Introduction; As he entered, he greeted his shadow cabinet warmly and has perfected the classic poses of US politicians of waving and pointing to members of the audience and acknowledging them in time honoured fashion, “working the room” in a way he would not have dreamed about only a few years earlier.
He started well by thanking the workers, the people of Liverpool and the conference go-ers! A good appeal to his core audience to create instant rapport, connection and warmth.
He looked the part of leader, sober dark suit, crisp white shirt – gone are the days when Jeremy wandered around in rumpled pastels and a revolutionary cap!

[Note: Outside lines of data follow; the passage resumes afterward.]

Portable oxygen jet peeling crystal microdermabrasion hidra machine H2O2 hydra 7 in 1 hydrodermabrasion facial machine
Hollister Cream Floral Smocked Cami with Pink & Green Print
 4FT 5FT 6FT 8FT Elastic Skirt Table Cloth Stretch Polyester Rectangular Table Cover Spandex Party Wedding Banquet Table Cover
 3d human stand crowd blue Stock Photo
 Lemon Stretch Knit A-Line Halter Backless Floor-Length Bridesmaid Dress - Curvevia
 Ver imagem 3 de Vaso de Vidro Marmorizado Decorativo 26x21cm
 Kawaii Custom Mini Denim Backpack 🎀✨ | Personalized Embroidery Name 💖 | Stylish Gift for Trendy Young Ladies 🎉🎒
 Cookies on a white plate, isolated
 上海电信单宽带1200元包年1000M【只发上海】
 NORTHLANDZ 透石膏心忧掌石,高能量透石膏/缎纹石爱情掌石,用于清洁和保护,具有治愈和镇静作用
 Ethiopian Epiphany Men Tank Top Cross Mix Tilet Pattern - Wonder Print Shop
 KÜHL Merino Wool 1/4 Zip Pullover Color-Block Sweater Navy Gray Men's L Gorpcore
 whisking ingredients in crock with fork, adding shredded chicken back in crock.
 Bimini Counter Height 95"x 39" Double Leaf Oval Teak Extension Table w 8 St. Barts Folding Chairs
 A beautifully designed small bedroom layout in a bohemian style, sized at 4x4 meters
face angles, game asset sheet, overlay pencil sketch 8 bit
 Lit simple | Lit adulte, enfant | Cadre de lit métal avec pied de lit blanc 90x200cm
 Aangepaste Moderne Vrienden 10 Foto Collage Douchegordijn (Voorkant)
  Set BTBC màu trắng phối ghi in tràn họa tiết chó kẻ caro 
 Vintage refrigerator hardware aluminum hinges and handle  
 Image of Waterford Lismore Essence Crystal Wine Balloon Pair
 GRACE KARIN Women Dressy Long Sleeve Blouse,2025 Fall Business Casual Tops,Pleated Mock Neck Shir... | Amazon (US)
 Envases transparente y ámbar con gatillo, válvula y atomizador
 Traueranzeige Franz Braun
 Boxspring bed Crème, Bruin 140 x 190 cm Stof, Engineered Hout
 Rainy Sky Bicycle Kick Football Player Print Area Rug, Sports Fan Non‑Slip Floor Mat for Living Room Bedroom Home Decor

His vocal delivery was very good, he covered the full range from loud and outraged “These are the human consequences of tax cuts over welfare”; to the quieter parts like “We must listen more and shout less”. The quiet and calm passages contrasted sharply with the more emotive phases, he delivered them confidently and they were impactful. He delivered key phrases with the right level of vocal intonation and power ensuring that some of the best phrasing of his speech writers like, “I will fight against racism with every breath I possess” were delivered powerfully. And credit to his speech writers, it was full of high impact rhetorical devices,
- Pairs and contrasts
“We must listen more and shout less”.
- Colourful phrasing
- Use of stories
The man who wrote in about his disabled wife, the mother writing about her son’s mental health
“You get on a train at Kings Cross and you don’t know who will own it by the time you get to Edinburgh”
All in all, Jeremy Corbyn as speaker has come a long way and whether or not you agree with his politics, his conference performance was very strong.